Domestic abuser arrested while standing in pond after chaotic car chase
PUBLISHED: 22:54 08 March 2019 | UPDATED: 22:54 08 March 2019
A man who threatened to take his partner’s jaw off was caught by police after his van flipped over in a farmer’s field following a dramatic high-speed chase.
Kieran Watkins, 30, had been on the run from police after threats he made to his former partner who had suffered domestic abuse at his hands.
Watkins, who was wanted by police, was spotted in his white van by officers in Suffolk, prompting a chase reaching speeds of up to 80mph over almost three miles.
Norwich Crown Court heard Watkins went through a red light, the wrong way around roundabouts and drove along footpaths during the pursuit - which was described by an officer as the most dangerous he had been involved with in 12 years in the job.
Jude Durr, prosecuting, said the chase, which included along Millennium Way in Lowestoft, took place on roads “heavy with traffic” with the distance travelled somewhere in the region of three miles.
The chase ended when Watkins flipped his van after driving across a field off Blundeston Road, Lowestoft.

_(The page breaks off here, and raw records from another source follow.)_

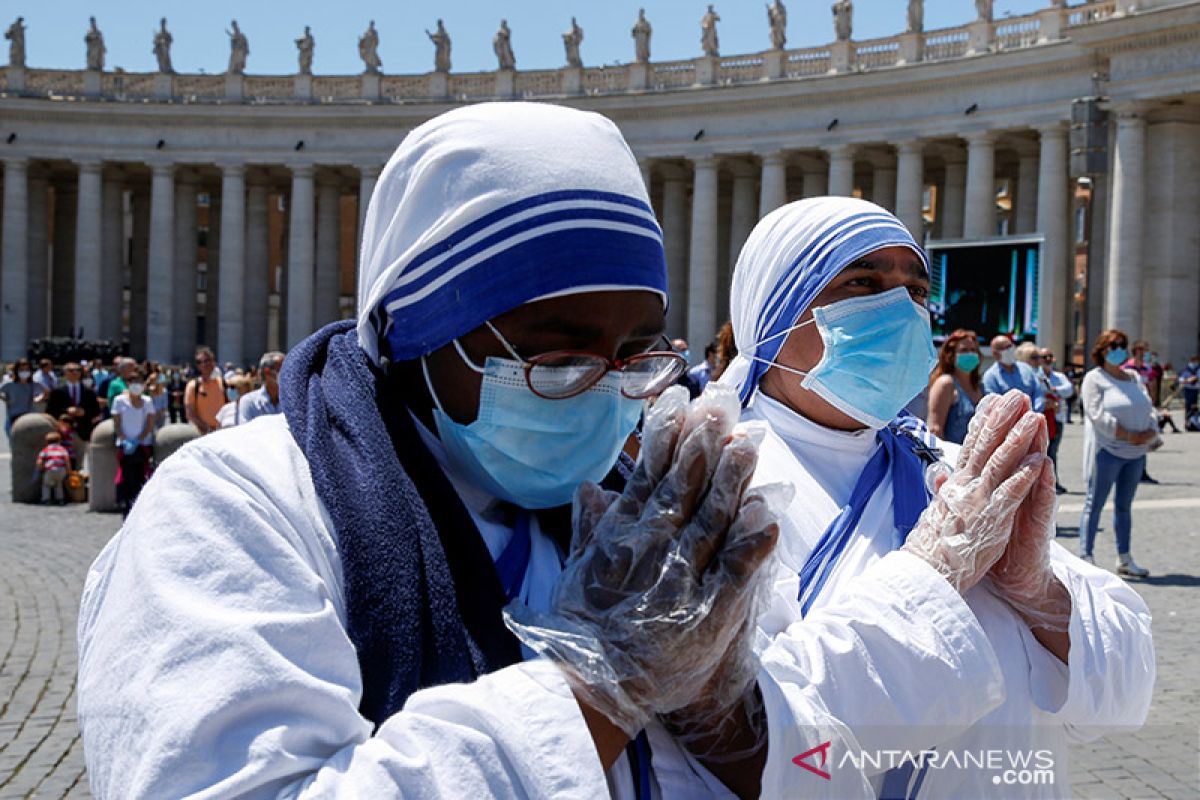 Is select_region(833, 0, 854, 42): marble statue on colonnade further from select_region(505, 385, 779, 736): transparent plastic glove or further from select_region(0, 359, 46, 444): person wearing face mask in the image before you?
select_region(505, 385, 779, 736): transparent plastic glove

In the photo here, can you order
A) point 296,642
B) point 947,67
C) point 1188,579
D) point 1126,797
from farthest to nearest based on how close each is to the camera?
point 947,67
point 1188,579
point 1126,797
point 296,642

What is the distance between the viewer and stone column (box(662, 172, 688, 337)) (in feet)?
190

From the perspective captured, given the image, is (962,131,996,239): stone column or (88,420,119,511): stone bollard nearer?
(88,420,119,511): stone bollard

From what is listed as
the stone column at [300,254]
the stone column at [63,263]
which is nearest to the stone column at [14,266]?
the stone column at [63,263]

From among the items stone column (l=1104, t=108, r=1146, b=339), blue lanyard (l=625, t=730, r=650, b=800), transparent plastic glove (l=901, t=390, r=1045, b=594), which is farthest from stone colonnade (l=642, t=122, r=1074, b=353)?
blue lanyard (l=625, t=730, r=650, b=800)

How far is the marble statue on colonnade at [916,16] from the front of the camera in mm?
47531

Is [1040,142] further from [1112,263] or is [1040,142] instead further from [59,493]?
[59,493]

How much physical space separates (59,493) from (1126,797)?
16512mm

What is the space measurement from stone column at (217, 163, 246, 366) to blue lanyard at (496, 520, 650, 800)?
5826 cm

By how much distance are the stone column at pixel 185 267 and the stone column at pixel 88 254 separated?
354cm

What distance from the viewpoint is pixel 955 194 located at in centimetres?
5250

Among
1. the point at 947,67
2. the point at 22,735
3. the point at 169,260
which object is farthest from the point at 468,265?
the point at 169,260

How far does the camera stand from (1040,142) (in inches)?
1795

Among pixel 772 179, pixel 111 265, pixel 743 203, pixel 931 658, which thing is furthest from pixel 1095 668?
pixel 111 265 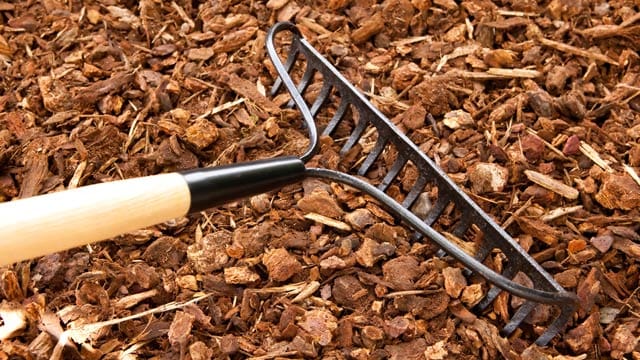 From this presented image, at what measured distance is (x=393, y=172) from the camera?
1.84 m

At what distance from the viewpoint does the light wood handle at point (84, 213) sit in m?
1.18

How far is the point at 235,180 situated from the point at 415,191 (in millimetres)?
568

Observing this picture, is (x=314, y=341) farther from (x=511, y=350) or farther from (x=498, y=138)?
(x=498, y=138)

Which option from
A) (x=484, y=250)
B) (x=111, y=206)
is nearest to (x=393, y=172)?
(x=484, y=250)

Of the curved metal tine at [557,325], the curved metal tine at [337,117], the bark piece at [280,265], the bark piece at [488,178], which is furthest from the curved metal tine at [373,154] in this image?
the curved metal tine at [557,325]

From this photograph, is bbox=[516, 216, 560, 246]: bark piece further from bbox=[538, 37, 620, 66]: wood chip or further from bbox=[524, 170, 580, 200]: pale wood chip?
bbox=[538, 37, 620, 66]: wood chip

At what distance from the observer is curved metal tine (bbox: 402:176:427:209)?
1.77 m

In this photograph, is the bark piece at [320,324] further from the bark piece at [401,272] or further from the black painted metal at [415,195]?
the black painted metal at [415,195]

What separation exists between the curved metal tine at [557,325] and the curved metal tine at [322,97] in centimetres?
87

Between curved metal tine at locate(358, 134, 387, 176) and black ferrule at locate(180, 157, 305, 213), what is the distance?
15.5 inches

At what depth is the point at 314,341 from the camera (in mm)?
1549

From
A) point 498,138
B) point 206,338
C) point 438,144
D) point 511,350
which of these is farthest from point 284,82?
point 511,350

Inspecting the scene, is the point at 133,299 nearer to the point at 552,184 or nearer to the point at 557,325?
the point at 557,325

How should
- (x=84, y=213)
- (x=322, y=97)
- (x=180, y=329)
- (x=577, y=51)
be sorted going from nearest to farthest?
(x=84, y=213)
(x=180, y=329)
(x=322, y=97)
(x=577, y=51)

Mr Durr said Watkins ran into a wooded area and then into a pond but “stood still” and told officers “I’ve had enough”.
After being arrested Watkins, who caused more than £650 of damage to the crops, told police he had a sledgehammer in the van.
Watkins, of HMP Norwich, admitted dangerous driving and destroying property on May 29 last year and appeared for sentence on Tuesday (March 5).
Sentencing Watkins to a total of 16 months in prison, Judge Maureen Bacon said it was “truly appalling driving”.
She said: “Quite how you didn’t collide with another vehicle or mow down a pedestrian is hard to reconcile.”
He was sentenced to 16 months in prison which is to run consecutively to the 18-month sentence he received in December after admitting coercive and controlling behaviour.
But Judge Bacon warned Watkins, who now has five convictions for dangerous driving, that if he were to kill someone or damage someone through dangerous driving that “this court is waiting for you” and would impose longer sentences.
John Morgans, mitigating, said his client had “panicked”.